> **Description of the task**
Among the entries that follow, the required portion opens with the line containing "By default, the" and closes with the line containing "We think of". Give that portion again exactly, and nothing else.

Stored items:
──────

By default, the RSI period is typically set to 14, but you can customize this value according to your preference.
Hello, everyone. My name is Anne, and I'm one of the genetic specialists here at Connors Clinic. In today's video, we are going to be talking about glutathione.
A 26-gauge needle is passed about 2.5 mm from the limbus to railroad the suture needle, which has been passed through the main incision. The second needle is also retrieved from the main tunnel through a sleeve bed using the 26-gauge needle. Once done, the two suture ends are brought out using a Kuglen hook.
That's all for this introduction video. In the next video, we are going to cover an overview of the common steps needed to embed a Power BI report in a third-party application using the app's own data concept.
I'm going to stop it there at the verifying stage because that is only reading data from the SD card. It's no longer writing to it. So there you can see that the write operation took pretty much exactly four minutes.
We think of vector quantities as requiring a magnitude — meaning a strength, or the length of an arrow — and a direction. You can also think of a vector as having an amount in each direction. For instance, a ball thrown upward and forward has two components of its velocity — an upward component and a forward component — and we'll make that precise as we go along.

──────

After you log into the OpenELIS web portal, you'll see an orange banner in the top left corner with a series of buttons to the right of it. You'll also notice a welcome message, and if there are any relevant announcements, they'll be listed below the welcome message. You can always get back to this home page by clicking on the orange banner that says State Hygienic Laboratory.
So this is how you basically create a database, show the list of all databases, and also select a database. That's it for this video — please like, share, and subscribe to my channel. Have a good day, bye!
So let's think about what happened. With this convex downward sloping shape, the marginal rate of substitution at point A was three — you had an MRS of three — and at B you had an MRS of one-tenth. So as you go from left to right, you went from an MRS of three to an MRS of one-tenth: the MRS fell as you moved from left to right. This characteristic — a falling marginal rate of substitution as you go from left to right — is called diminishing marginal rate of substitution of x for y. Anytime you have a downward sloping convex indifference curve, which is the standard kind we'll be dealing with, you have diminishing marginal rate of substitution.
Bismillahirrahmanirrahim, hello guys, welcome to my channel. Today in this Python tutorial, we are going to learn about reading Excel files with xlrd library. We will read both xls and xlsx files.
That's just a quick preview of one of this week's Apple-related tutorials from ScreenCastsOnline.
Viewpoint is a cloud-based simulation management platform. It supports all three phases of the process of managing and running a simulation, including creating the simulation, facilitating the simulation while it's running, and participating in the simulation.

──────

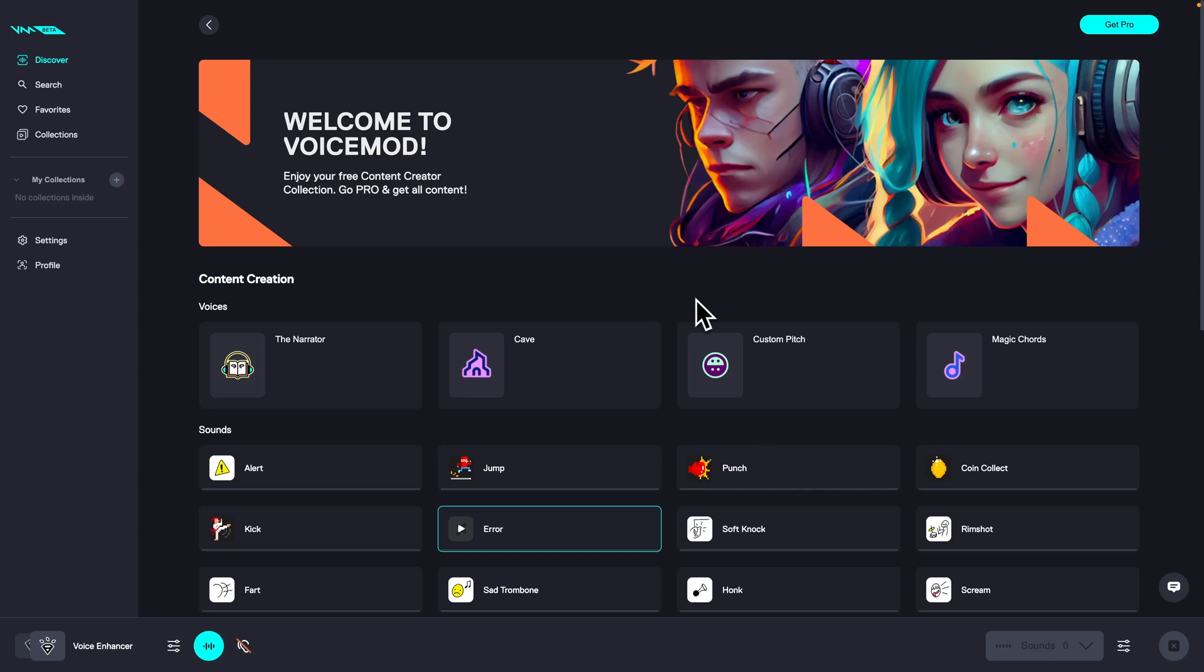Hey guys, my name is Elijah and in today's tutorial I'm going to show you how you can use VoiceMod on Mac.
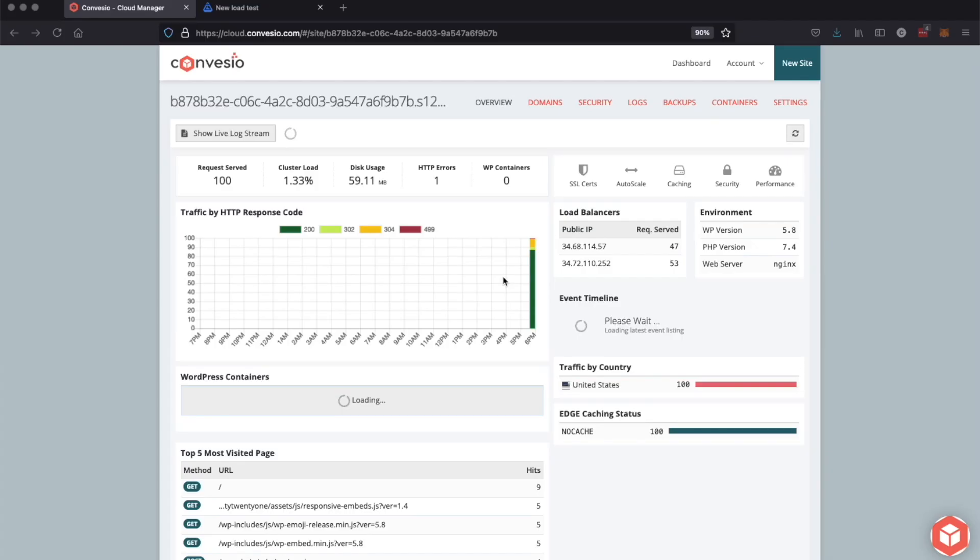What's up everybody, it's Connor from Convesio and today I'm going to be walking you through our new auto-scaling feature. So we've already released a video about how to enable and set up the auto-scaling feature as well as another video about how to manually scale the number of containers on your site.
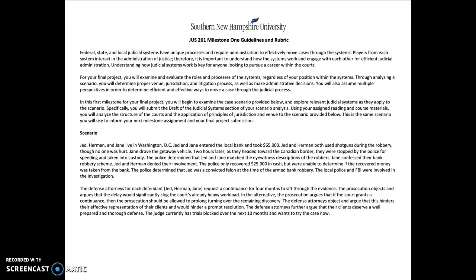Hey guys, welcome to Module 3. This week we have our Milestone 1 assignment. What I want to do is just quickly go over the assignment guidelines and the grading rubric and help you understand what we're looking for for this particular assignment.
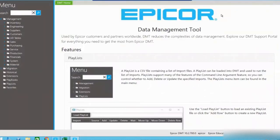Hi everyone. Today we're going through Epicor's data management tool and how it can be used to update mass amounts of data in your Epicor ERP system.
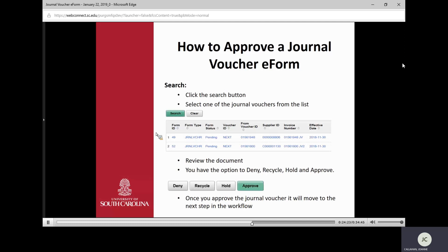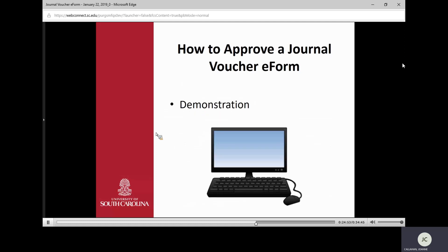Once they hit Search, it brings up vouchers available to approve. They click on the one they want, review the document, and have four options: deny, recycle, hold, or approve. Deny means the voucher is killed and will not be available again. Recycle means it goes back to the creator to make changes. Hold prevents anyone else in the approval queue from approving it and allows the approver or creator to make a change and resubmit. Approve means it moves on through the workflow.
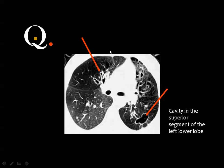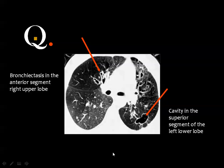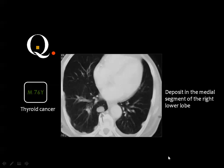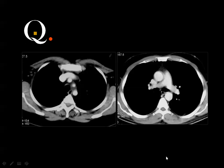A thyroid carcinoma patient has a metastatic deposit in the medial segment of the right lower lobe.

──────

> **Solution to this problem**
By default, the RSI period is typically set to 14, but you can customize this value according to your preference.
Hello, everyone. My name is Anne, and I'm one of the genetic specialists here at Connors Clinic. In today's video, we are going to be talking about glutathione.
A 26-gauge needle is passed about 2.5 mm from the limbus to railroad the suture needle, which has been passed through the main incision. The second needle is also retrieved from the main tunnel through a sleeve bed using the 26-gauge needle. Once done, the two suture ends are brought out using a Kuglen hook.
That's all for this introduction video. In the next video, we are going to cover an overview of the common steps needed to embed a Power BI report in a third-party application using the app's own data concept.
I'm going to stop it there at the verifying stage because that is only reading data from the SD card. It's no longer writing to it. So there you can see that the write operation took pretty much exactly four minutes.
We think of vector quantities as requiring a magnitude — meaning a strength, or the length of an arrow — and a direction. You can also think of a vector as having an amount in each direction. For instance, a ball thrown upward and forward has two components of its velocity — an upward component and a forward component — and we'll make that precise as we go along.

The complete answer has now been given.